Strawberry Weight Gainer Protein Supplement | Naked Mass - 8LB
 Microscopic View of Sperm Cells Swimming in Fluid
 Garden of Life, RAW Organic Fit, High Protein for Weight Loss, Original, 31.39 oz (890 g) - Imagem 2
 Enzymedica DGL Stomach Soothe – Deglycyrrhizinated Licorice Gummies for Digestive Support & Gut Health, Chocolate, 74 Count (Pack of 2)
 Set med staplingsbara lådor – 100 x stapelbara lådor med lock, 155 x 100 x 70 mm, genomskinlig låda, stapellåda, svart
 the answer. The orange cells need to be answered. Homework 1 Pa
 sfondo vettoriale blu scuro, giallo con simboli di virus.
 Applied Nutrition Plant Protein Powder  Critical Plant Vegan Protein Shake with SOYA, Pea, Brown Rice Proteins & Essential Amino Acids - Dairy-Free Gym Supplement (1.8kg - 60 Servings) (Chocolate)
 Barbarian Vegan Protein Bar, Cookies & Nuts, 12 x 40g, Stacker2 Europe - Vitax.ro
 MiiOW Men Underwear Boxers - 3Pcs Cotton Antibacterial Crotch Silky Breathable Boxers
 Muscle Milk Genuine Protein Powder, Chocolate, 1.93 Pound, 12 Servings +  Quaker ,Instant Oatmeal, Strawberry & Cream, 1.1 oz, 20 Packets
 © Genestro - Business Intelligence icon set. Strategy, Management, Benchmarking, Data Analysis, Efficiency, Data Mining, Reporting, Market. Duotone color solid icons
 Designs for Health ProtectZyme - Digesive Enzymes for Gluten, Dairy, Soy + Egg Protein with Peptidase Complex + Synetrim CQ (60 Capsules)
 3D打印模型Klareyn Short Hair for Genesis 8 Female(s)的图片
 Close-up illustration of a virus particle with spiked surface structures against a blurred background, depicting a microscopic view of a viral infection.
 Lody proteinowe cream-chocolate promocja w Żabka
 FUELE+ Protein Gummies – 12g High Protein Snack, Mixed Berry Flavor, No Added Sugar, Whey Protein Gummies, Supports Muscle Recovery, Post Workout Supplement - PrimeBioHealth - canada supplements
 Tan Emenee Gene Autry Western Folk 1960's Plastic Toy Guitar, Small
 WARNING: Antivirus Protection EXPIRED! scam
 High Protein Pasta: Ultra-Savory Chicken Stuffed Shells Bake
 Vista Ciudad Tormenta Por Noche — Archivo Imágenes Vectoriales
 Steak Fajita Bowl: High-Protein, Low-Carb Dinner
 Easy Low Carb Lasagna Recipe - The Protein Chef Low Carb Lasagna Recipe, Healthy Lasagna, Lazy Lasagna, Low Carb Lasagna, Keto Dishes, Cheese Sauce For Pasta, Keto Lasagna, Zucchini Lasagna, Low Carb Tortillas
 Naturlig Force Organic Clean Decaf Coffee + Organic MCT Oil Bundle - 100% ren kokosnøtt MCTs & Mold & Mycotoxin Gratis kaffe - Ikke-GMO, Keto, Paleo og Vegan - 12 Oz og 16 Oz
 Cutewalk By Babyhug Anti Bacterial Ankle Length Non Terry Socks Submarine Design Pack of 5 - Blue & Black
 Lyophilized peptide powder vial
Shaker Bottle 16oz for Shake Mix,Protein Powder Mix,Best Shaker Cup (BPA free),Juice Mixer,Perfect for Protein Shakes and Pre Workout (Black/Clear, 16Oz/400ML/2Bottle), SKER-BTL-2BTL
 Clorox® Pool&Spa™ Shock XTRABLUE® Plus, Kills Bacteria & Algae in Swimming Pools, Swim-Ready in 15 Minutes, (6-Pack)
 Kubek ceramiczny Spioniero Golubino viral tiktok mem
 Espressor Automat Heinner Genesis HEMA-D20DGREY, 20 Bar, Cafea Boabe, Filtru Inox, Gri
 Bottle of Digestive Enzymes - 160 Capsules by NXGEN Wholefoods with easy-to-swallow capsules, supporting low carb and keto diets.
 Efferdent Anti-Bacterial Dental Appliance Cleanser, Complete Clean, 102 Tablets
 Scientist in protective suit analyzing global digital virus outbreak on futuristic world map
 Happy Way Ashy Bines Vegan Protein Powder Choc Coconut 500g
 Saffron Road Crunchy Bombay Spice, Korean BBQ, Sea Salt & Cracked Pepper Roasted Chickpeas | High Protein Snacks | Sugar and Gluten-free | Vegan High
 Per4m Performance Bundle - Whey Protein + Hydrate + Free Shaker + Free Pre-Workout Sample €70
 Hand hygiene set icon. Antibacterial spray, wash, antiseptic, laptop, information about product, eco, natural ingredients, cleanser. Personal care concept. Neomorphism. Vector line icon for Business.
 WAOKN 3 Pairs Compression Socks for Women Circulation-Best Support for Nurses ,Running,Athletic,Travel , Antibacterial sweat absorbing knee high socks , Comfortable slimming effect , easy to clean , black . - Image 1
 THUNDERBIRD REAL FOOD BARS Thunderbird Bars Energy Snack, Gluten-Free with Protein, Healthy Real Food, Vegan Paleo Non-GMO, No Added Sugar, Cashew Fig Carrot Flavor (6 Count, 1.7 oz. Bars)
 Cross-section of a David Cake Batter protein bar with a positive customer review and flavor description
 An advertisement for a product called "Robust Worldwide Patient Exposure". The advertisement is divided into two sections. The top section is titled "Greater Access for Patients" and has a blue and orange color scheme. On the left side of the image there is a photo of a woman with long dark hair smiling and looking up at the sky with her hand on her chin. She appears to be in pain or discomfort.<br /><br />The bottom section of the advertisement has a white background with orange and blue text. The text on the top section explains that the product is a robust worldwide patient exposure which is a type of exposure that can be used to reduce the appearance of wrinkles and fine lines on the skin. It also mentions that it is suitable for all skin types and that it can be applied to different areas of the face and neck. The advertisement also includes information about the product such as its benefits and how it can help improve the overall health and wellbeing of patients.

* * *

## Assignment
Take exactly the lines from the one containing "Naturlig Force Organic" through the one containing "Espressor Automat Heinner" in the data above, and output them with nothing added.

## Answer section
 Naturlig Force Organic Clean Decaf Coffee + Organic MCT Oil Bundle - 100% ren kokosnøtt MCTs & Mold & Mycotoxin Gratis kaffe - Ikke-GMO, Keto, Paleo og Vegan - 12 Oz og 16 Oz
 Cutewalk By Babyhug Anti Bacterial Ankle Length Non Terry Socks Submarine Design Pack of 5 - Blue & Black
 Lyophilized peptide powder vial
Shaker Bottle 16oz for Shake Mix,Protein Powder Mix,Best Shaker Cup (BPA free),Juice Mixer,Perfect for Protein Shakes and Pre Workout (Black/Clear, 16Oz/400ML/2Bottle), SKER-BTL-2BTL
 Clorox® Pool&Spa™ Shock XTRABLUE® Plus, Kills Bacteria & Algae in Swimming Pools, Swim-Ready in 15 Minutes, (6-Pack)
 Kubek ceramiczny Spioniero Golubino viral tiktok mem
 Espressor Automat Heinner Genesis HEMA-D20DGREY, 20 Bar, Cafea Boabe, Filtru Inox, Gri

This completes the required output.